Data to examine.

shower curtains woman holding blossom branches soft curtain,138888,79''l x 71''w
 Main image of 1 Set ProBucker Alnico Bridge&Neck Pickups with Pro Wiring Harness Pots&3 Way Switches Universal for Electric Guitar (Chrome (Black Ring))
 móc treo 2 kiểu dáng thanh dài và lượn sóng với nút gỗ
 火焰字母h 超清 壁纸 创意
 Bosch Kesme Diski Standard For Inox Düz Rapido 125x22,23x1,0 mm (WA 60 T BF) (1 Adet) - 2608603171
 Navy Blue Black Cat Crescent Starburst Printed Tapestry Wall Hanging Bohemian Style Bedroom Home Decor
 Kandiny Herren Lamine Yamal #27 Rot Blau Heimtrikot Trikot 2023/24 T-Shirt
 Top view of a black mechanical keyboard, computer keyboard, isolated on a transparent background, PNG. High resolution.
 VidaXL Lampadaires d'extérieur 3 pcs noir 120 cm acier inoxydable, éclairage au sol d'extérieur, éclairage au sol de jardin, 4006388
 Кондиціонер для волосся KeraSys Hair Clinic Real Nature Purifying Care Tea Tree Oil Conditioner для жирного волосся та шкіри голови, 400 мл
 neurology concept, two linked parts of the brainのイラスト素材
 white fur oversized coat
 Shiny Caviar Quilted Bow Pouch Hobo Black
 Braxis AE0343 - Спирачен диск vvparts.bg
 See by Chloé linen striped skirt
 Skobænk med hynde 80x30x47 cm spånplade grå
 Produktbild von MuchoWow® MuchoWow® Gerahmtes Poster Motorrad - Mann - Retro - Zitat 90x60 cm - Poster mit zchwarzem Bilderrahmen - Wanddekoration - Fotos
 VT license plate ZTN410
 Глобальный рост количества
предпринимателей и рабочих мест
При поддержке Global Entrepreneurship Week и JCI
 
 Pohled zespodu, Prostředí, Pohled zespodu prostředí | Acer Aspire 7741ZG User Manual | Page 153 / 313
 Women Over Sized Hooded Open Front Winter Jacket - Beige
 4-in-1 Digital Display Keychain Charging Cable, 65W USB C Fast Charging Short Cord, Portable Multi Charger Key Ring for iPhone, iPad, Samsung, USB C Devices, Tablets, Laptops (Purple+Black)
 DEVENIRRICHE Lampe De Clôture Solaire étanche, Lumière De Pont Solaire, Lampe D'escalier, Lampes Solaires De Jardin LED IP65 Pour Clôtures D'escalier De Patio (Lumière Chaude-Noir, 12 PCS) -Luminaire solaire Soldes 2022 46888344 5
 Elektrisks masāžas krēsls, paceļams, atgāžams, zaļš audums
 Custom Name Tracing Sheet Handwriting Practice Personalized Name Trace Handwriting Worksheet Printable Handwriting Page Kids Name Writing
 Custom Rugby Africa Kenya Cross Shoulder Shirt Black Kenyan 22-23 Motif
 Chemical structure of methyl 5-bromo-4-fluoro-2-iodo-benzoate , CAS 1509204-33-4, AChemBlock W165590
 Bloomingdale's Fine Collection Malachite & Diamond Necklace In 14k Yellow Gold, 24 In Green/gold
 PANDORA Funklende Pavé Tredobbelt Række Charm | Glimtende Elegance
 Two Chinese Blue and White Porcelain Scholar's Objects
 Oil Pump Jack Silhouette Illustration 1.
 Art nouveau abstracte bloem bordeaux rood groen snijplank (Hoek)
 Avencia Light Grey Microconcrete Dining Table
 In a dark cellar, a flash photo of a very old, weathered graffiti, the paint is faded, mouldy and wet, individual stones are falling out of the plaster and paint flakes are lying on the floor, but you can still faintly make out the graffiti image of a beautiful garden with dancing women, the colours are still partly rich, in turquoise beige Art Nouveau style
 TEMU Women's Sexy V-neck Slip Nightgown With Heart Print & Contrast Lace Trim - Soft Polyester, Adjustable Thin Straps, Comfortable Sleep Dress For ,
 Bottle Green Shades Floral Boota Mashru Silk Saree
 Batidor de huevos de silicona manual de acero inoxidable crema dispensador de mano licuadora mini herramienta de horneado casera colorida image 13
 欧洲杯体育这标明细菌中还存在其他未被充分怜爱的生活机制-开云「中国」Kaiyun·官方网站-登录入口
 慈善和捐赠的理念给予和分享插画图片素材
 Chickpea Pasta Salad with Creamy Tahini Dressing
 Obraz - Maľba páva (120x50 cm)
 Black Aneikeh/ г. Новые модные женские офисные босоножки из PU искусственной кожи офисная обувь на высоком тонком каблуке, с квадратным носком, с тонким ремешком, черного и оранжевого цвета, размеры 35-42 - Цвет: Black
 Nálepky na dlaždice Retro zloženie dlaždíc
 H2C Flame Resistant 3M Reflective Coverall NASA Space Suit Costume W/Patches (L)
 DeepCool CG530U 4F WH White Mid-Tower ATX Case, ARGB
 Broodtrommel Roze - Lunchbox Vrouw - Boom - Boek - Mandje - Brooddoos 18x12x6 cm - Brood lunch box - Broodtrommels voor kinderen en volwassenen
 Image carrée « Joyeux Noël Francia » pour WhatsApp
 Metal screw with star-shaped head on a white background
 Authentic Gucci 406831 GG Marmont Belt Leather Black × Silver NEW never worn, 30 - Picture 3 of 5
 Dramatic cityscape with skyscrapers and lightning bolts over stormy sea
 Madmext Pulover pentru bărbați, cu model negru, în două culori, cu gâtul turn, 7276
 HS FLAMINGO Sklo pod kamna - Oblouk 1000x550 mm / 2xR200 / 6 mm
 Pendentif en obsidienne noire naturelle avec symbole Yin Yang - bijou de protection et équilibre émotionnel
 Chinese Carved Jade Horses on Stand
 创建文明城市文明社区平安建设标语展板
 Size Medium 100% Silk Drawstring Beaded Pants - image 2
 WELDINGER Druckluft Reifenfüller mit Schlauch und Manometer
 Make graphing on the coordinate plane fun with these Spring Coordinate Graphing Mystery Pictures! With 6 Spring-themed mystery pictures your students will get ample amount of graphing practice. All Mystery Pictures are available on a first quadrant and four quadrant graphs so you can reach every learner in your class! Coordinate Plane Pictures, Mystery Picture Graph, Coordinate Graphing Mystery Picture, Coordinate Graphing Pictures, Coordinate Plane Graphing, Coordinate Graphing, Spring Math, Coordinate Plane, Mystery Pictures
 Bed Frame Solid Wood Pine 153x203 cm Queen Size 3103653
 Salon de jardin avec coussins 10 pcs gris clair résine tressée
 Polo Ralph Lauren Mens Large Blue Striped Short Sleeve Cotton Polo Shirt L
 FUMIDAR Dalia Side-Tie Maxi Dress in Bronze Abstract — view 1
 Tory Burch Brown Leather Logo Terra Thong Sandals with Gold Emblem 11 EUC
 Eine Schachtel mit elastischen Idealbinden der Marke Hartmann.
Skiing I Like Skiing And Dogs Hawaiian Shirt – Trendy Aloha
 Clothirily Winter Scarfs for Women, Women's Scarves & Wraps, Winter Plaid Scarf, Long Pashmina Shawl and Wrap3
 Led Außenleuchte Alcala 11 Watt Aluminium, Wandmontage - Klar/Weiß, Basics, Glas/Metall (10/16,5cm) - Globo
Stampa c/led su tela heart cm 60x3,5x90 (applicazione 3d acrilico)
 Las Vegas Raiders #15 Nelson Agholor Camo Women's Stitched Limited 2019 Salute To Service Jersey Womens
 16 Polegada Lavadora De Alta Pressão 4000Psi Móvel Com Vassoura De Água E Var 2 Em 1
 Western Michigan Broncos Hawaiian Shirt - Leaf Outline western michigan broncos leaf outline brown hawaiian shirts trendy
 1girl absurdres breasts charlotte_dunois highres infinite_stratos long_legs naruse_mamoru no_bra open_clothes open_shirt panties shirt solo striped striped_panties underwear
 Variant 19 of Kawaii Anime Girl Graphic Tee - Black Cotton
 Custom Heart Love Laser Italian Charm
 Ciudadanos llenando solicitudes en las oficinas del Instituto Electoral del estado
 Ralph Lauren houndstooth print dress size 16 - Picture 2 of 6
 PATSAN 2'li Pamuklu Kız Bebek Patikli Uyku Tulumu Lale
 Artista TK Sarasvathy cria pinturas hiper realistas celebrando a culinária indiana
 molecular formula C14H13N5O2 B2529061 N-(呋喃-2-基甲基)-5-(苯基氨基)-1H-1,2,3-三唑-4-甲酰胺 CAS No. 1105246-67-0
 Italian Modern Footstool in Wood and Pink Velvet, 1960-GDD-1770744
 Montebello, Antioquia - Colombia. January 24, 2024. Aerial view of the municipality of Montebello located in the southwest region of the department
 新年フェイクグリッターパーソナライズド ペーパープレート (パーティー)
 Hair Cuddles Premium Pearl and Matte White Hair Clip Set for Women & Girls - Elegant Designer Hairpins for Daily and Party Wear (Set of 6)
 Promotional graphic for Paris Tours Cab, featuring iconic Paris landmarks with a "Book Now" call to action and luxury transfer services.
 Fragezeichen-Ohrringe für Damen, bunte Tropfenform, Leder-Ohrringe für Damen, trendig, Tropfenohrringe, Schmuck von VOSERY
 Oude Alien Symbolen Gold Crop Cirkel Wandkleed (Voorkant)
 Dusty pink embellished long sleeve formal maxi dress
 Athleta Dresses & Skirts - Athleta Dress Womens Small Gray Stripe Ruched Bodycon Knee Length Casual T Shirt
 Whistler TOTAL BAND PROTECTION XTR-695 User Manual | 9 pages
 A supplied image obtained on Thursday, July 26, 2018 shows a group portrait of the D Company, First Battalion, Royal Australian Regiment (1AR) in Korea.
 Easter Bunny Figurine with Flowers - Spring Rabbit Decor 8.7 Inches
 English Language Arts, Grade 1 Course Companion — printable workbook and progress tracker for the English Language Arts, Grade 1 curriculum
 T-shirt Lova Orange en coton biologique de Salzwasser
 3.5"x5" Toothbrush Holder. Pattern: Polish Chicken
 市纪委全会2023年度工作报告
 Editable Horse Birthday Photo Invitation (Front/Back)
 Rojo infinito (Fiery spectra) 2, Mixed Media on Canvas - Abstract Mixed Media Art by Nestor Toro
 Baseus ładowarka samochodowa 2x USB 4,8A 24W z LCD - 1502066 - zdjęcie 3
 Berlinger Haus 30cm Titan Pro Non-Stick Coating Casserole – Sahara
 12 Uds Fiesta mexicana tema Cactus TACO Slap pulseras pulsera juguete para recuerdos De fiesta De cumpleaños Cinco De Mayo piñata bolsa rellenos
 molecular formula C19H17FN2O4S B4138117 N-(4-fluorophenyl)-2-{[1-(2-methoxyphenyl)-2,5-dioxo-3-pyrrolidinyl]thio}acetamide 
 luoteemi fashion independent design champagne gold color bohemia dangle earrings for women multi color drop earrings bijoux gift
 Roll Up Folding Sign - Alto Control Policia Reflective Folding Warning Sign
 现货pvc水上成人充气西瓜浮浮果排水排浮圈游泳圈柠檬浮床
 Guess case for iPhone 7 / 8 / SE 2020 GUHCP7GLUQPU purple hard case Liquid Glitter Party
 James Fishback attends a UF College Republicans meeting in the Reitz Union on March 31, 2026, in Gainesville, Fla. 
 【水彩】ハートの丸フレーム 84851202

Exercise description. Write out the records above exactly, from the opening line to the line with "Bosch Kesme Diski", including both, with nothing added.

Result of this task.
shower curtains woman holding blossom branches soft curtain,138888,79''l x 71''w
 Main image of 1 Set ProBucker Alnico Bridge&Neck Pickups with Pro Wiring Harness Pots&3 Way Switches Universal for Electric Guitar (Chrome (Black Ring))
 móc treo 2 kiểu dáng thanh dài và lượn sóng với nút gỗ
 火焰字母h 超清 壁纸 创意
 Bosch Kesme Diski Standard For Inox Düz Rapido 125x22,23x1,0 mm (WA 60 T BF) (1 Adet) - 2608603171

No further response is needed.